I need a car in May for Orlando and for a fullsize it is over $300.00 for the week.


----------



## LisaRex (Nov 4, 2010)

I always use Costco for the additional driver.


----------



## Ken555 (Nov 4, 2010)

I always reserve using Costco then check with Priceline a few weeks before a trip, as PL typically lowers the rate even further.


----------



## GetawaysRus (Nov 4, 2010)

LisaRex said:


> I always use Costco for the additional driver.



I've done this before also, but here's a little trick that worked recently for us.

I've signed up as an Emerald Club member with National Car Rental.  There's no fee for this, and you simply sign up on the web.  A benefit of membership in the Emerald Club is that you are allowed a second driver.

For a recent trip to Tahoe, we used Hotwire for a last minute (2 weeks before our trip) car rental.  Hotwire offered an SUV for the same price as a full size previously reserved through Costco/Alamo, which was a win.  I took it, and I then learned that Hotwire had given us a rental with National.  So we got 2 drivers for the same Hotwire price.


----------



## LisaRex (Nov 5, 2010)

GetawaysRus said:


> I've signed up as an Emerald Club member with National Car Rental.  There's no fee for this, and you simply sign up on the web.  A benefit of membership in the Emerald Club is that you are allowed a second driver.



Not exactly.  We frequently travel with another couple and like to sign up both of the husbands as drivers.  Emerald Club doesn't allow this without an additional charge because they aren't spouses or business associates.  

From the Emerald Club website: 

"Authorized Drivers
Free (in the United States and Canada) - An Emerald Club member's spouse, immediate family member living with him/her, business partner, employer, or fellow associate who has an assigned corporate contract with National and drives the car for business purposes.
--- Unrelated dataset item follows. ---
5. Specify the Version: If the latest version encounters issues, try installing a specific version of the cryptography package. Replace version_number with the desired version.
All other additional authorized driver situations are subject to a daily charge. Click here for our policy on additional drivers."


----------



## rickandcindy23 (Nov 5, 2010)

luvsvacation22 said:


> I need a car in May for Orlando and for a fullsize it is over $300.00 for the week.
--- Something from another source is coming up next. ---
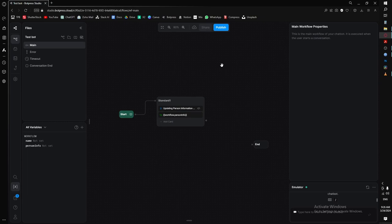Welcome to episode two. This episode is going to be about the basic building blocks of BotPress — the nails, the screws, and the rebar that is what we build with.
I was able to reserve a mid-size for Orlando in May for $261 for two weeks through Alamo.  I don't have airfare yet.


----------



## Skinsfan1311 (Nov 7, 2010)

I took your advice and rented through Coscto travel.
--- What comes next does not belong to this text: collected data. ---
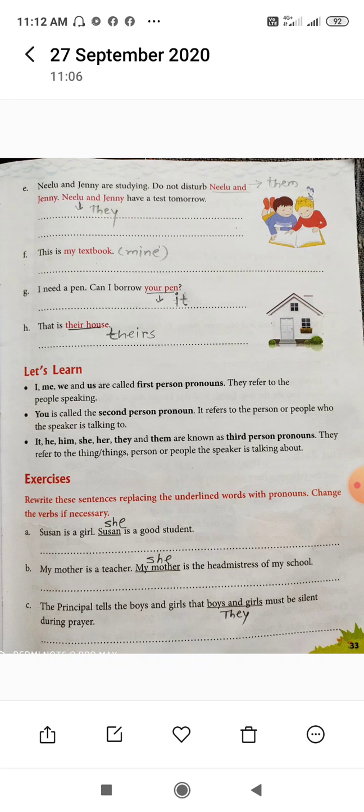They becomes them also, and for possessive case, it is theirs. Now the pronoun chart: I, me, my, mine. You, you, your, yours. He, him, his. She, her, hers. We, us, our, ours. You, you, your, yours. They, them, theirs, theirs. Understand? This is the possessive case pronoun chart.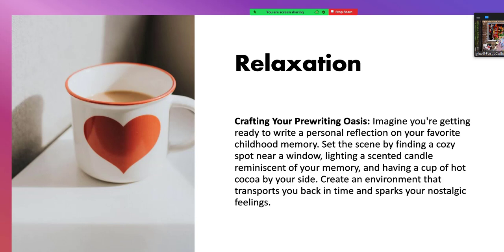Crafting your pre-writing oasis. Imagine you're getting ready to write a personal reflection on your favorite childhood memory. Set the scene by finding a cozy spot near a window, lighting a scented candle reminiscent of your memory, and having a cup of hot cocoa by your side. Create an environment that transports you back in time and sparks your nostalgic feelings.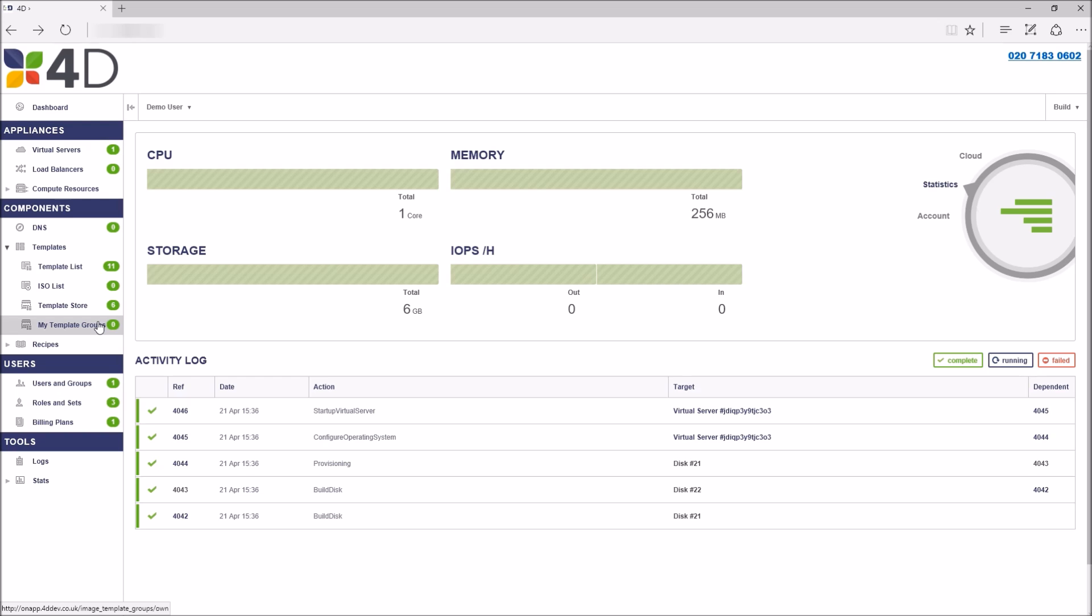Below this we have the users and groups section showing the users created within your cloud environment and your billing plan.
For our upcoming trip to Tahoe,(RNO airport) I booked a STD SUV from Alamo for $374.45 for the week.

While I'm hopeful for last-minute specials through National or Dollar, that's a price I can live with if nothing better comes up.

That's a good start, and thanks for sharing!!


----------



## kjsgrammy (Nov 8, 2010)

Can anyone book thru Costco, or do you have to show a Costco membership card when picking up the car?  We are not members of Costco.


----------



## rickandcindy23 (Nov 8, 2010)

We have never been asked for our Costco card, and we use that discount most of the time.  

Alamo, even with Costco discounts, doesn't always have the best price.  We rented through Dollar for this trip, using Mousesavers.com to get a discount on a compact car.


----------



## hajjah (Nov 8, 2010)

Let me include that I just changed/updated my reservation with Costco/Alamo that is pending for December during Xmas in Orlando, which has the highest rental rates of the year.  I was able to save a few dollars since the price was decreased.  It's always good to check back before your travel date.  You only need to use the kiosk when picking up the vehicle if you are not a club member.  When I first began checking for auto rentals in Orlando during Xmas at least 3 months ago, the rates were about $500.00 for an economy.  This is my third year of going to Orlando during the same holiday time and the rates are always the highest.  Anyone needing to book a car in Orlando during this holiday should check the Costco/Alamo website now before the rates increase again.


----------



## Bruce W (Nov 8, 2010)

*A repeat post from last year*

"Keep trying at least weekly, using codes and coupons from Mousesavers and the clubs, Costco, Bjs, etc. Have not ever been asked to prove membership.

Needed a car in Florida for our vacation in Feb 2010. Started out @$700 for 17 days using codes for Alamo, now down to $281, for a Malibu, using various promos and upgrade coupons."

I would book the reservation and as the price decreased would cancel the higher one. Changed almost daily for a while.

Takes a little work, but well worth it.


----------



## sun starved Gayle (Nov 8, 2010)

Bruce W said:


> "Keep trying at least weekly, using codes and coupons from Mousesavers and the clubs, Costco, Bjs, etc. Have not ever been asked to prove membership.
> 
> Needed a car in Florida for our vacation in Feb 2010. Started out @$700 for 17 days using codes for Alamo, now down to $281, for a Malibu, using various promos and upgrade coupons."
> 
> ...



I agree with Bruce W, keep trying. 

 I had something interesting occur the last time I rented a car in Oakland, CA.  I had never paid over $19.00 or $20.00 a day for a rental there, and all the sites were showing $48.00 to $54.00 a day for the cheapest car. Believe me, I really looked! 

I was making my plane reservations online on Southwest, and was asked if I wanted to add a car rental. Gave it a try, and they came up with $18.00 a day.  The rental was with FOX, and I had heard of people having some problems with them, but everything went fine.  I even went to FOX web site to see if I could get a cheaper deal and it came no where near.

So check with the airline you made you reservations with, they might surprise you.


----------



## Luanne (Nov 9, 2010)

Thanks for the reminder about Southwest.  I just checked and was able to get much lower rates for an upcoming trip to Santa Fe by going through the Southwest website.


----------